1. No new syntax - Developers already know these patterns
2. Full IDE support - Autocomplete, refactoring, type checking
3. Composable - Mix glob, regex, f-strings as needed
4. Testable - Just Python strings and functions
5. Bidirectional - Same pattern for matching and generating

The key insight: Python's string formatting is already a pattern language. We don't need to build a DSL - we need to embrace Python as the DSL.
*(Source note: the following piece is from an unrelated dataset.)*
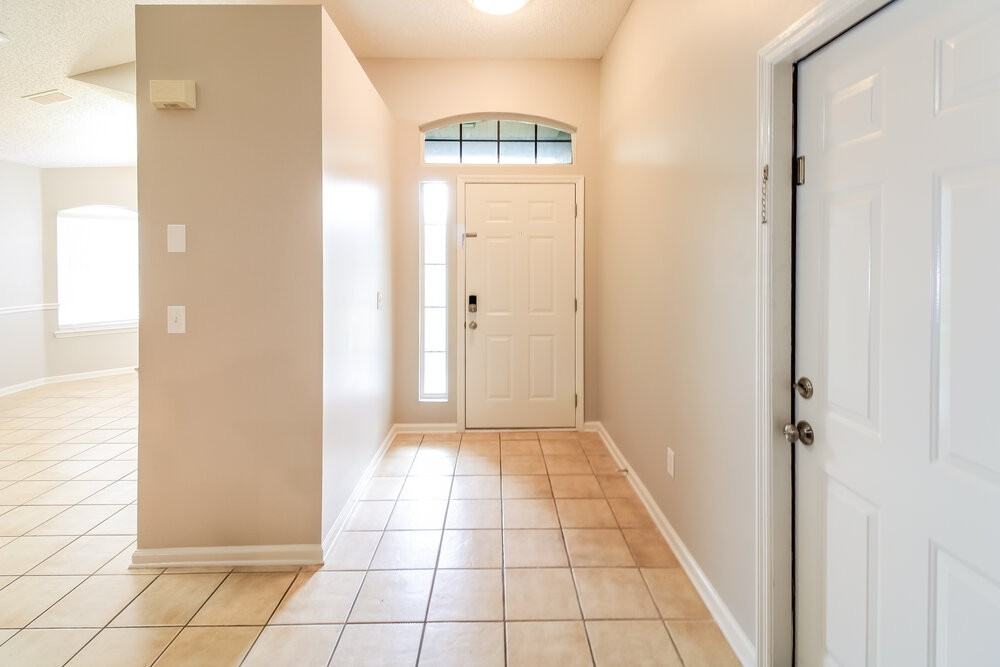 597 Prosperity Lake Dr - Photo 3 of 16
Rust as an Alternative DSL

While Python offers maximum expressiveness, Rust presents an intriguing alternative that could provide compile-time guarantees without sacrificing elegance:

Procedural Macros for Job Definition

#[job]
fn process_daily(
    date: Date,
    #[partition("raw/{source}/{date}")] source: Partition<RawData>,
) -> Partition<ProcessedData, "processed/{date}"> {
    let raw_data = source.load()?;
    transform(raw_data, date).save()
}

#[job(resources = "memory=4G,cpu=2")]
fn aggregate_weekly(
    week: Week,
    #[partition("processed/[date:date+7]")] daily: PartitionSet<ProcessedData>,
) -> Partition<WeeklyAggregate, "aggregated/week={week}"> {
    daily.load_all()?.aggregate().save()
}

Type-Safe Pattern Matching

// Compile-time pattern validation using const generics
pub struct Partition<T, const PATTERN: &'static str> {
    _phantom: PhantomData<T>,
}

// Pattern validated at compile time!
impl<T, const PATTERN: &'static str> Partition<T, PATTERN> {
    const VALIDATE: () = {
        assert!(is_valid_pattern(PATTERN));
    };
}

Runtime Dependency Resolution with Compile-Time Structure

#[job(
    // Pattern template at compile time
    inputs = "raw/{source}/{date}",
    // But resolution happens at runtime
)]
impl ProcessDaily {
    fn resolve_dependencies(&self, args: &JobArgs) -> Vec<String> {
        let date = &args.date;
        let mut deps = vec![];
        
        // Dynamic resolution based on runtime state
        for source in self.catalog.available_sources(date)? {
            deps.push(format!("raw/{}/{}", source, date));
        }
        
        // Conditional dependencies
        if date.weekday() == Weekday::Monday {
            deps.push(format!("raw/{}/{}", "archive", date.previous_friday()));
        }
        
        deps
    }
}

Why Rust DSL is Compelling

1. Zero-cost abstractions - Macros expand to optimal code with no runtime overhead
2. Compile-time validation - Pattern syntax checked at compile time
3. Type safety - Full type checking across job boundaries
4. Single language - If engine is Rust, no polyglot complexity
5. IDE support - Full IntelliSense, refactoring, and go-to-definition

The Hybrid Best: Compile-Time Structure, Runtime Flexibility

// Macro provides syntax sugar and compile-time checks
#[derive(DataBuildJob)]
struct ComplexJob {
    const INPUT_TEMPLATE: &'static str = "raw/{source}/{date}";
    
    // But actual resolution is dynamic
    fn resolve_config(&self, args: &JobArgs, ctx: &Context) -> Result<JobConfig> {
        // Full runtime flexibility for dependency calculation
        let sources = ctx.catalog.list_sources(&args.date)?;
        let inputs = sources.iter()
            .map(|s| format!("raw/{}/{}", s, args.date))
            .collect();
        
        Ok(JobConfig { inputs, outputs: vec![...] })
    }
}

This Rust approach offers an interesting middle ground: stronger guarantees than Python while maintaining expressiveness, and seamless integration with a Rust-based execution engine.

Philosophical Questions

• Is orchestration a fundamental need or an implementation detail?
• Can we achieve both expressiveness and correctness?
• What would "SQL for data pipelines" actually look like?

Conclusion

These explorations suggest that DataBuild's future might not be in making orchestration easier, but in making it unnecessary. By focusing on declarative data relationships rather than imperative build steps, we could achieve both the expressiveness of Python and the guarantees of Bazel, while eliminating entire categories of complexity.

The ultimate vision: users declare what data depends on what other data, and the system figures out everything else - just like SQL.